*** Input material Section Begins ***

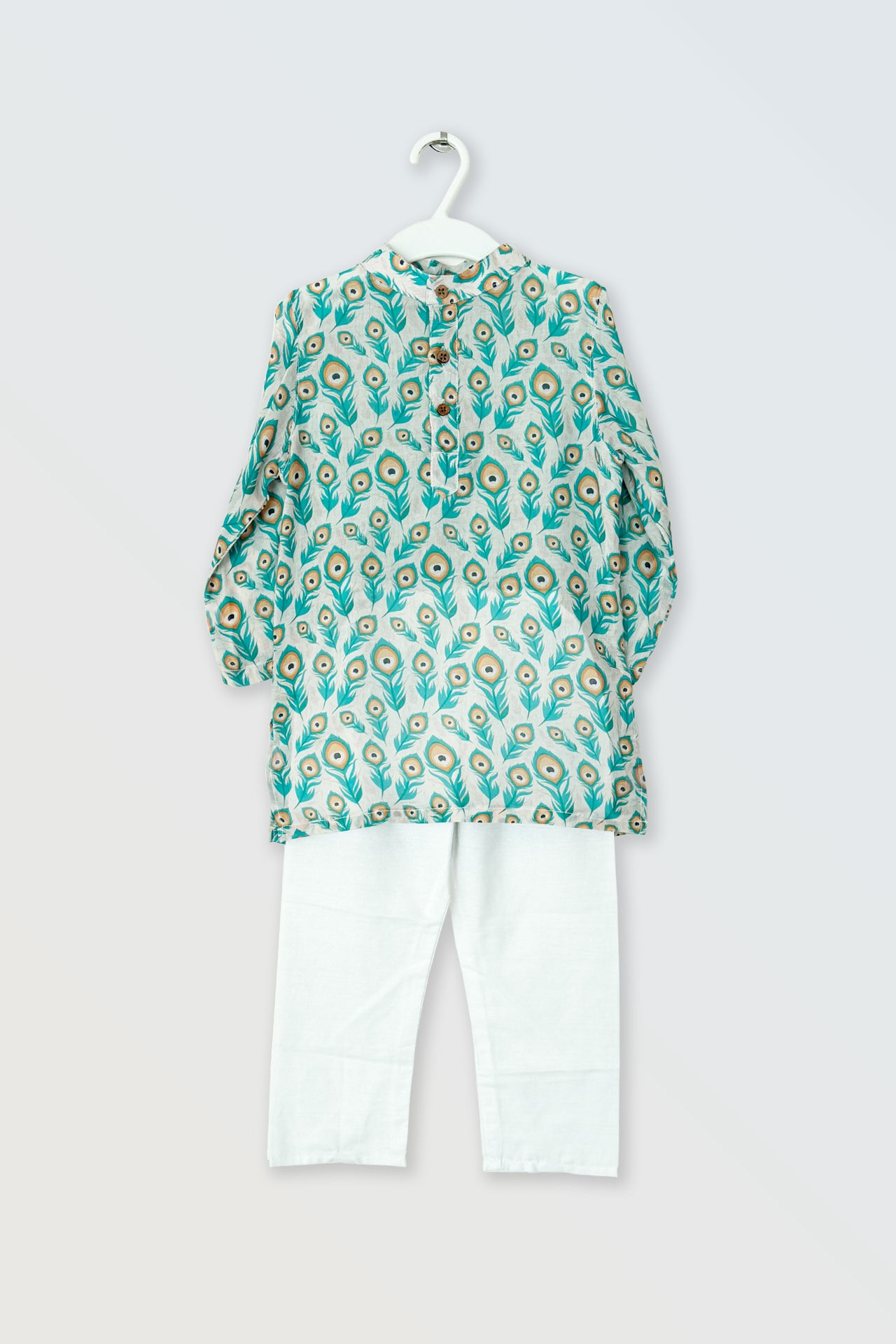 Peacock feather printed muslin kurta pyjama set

*** Input material Section Ends ***
*** Input material Section Begins ***

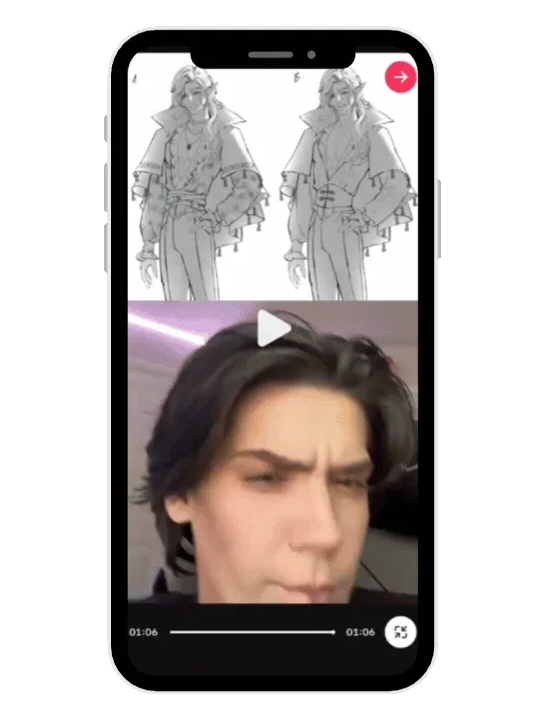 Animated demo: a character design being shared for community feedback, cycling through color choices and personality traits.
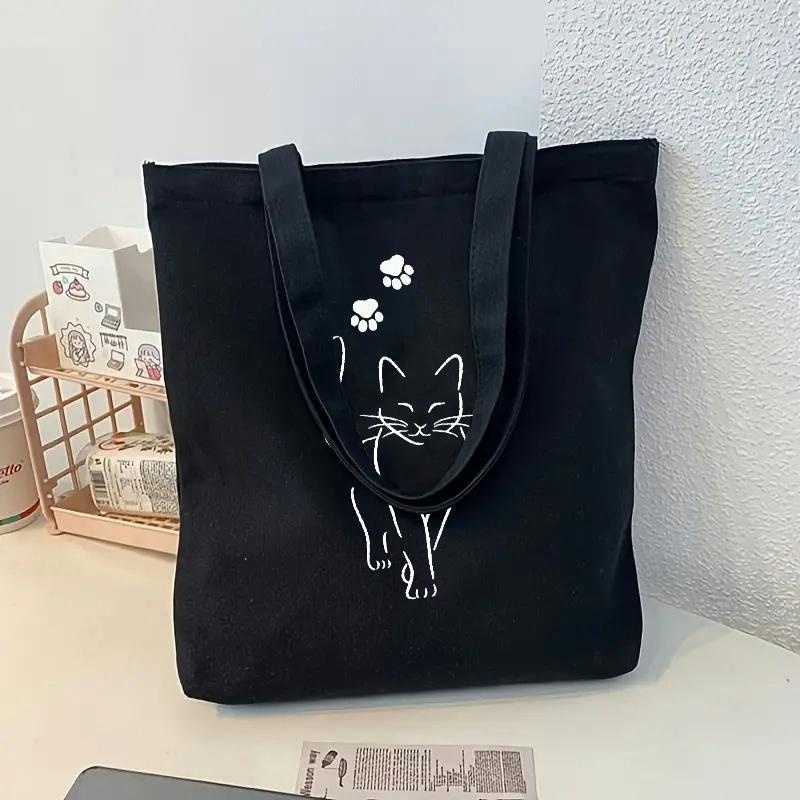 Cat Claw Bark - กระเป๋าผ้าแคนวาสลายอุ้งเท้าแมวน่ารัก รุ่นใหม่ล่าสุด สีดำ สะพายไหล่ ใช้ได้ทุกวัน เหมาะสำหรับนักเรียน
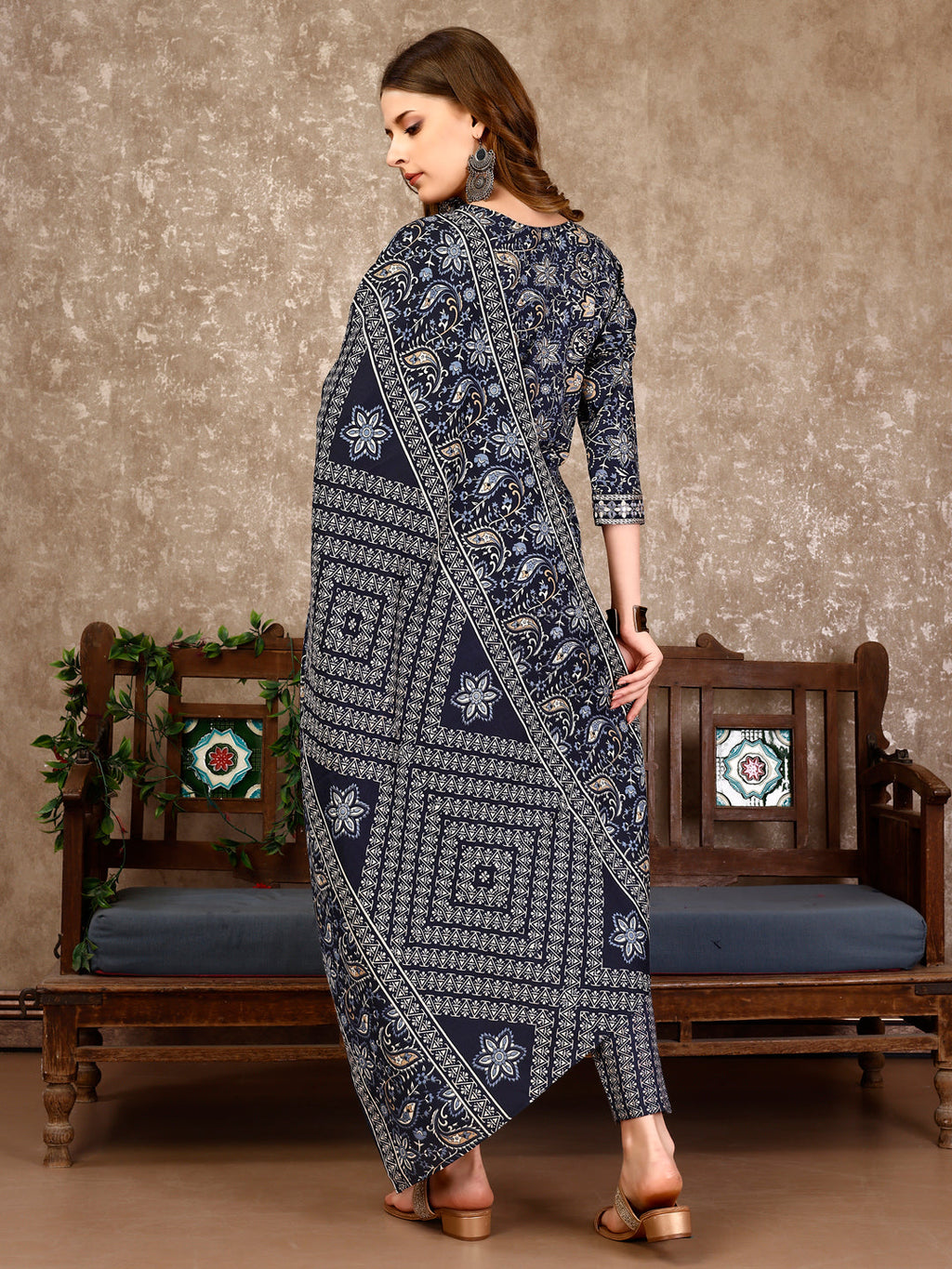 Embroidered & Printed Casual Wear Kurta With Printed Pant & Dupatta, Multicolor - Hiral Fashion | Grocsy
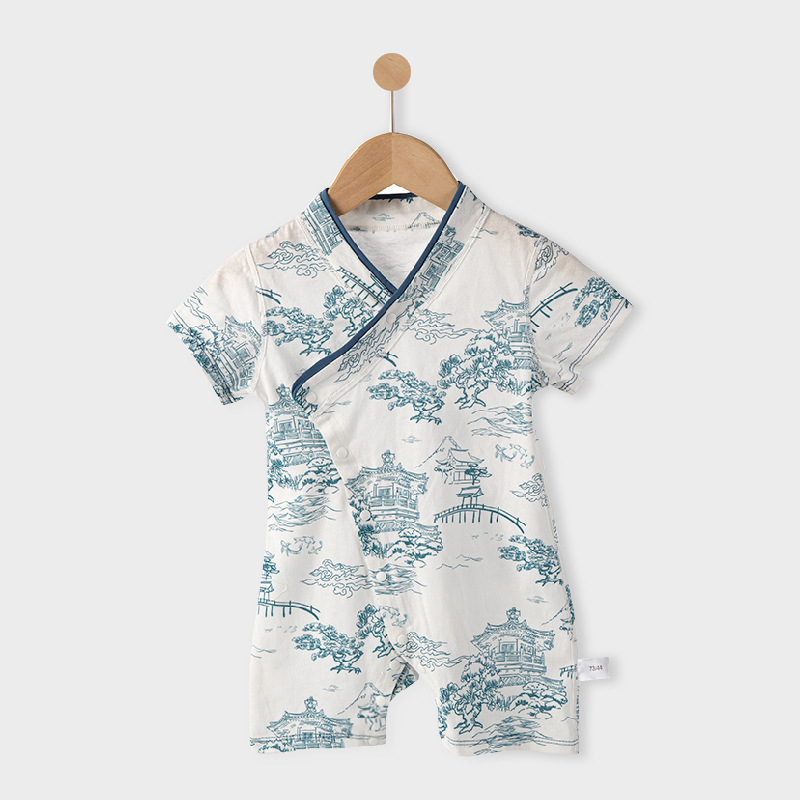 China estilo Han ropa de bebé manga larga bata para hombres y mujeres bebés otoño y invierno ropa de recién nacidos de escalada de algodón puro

*** Input material Section Ends ***

Task details
Work from the entries above. Set down exactly and only the lines from the line with "Cat Claw Bark" to the line with "China estilo Han", both included, and leave the pictures out.

Reply to the task
 Cat Claw Bark - กระเป๋าผ้าแคนวาสลายอุ้งเท้าแมวน่ารัก รุ่นใหม่ล่าสุด สีดำ สะพายไหล่ ใช้ได้ทุกวัน เหมาะสำหรับนักเรียน
 Embroidered & Printed Casual Wear Kurta With Printed Pant & Dupatta, Multicolor - Hiral Fashion | Grocsy
 China estilo Han ropa de bebé manga larga bata para hombres y mujeres bebés otoño y invierno ropa de recién nacidos de escalada de algodón puro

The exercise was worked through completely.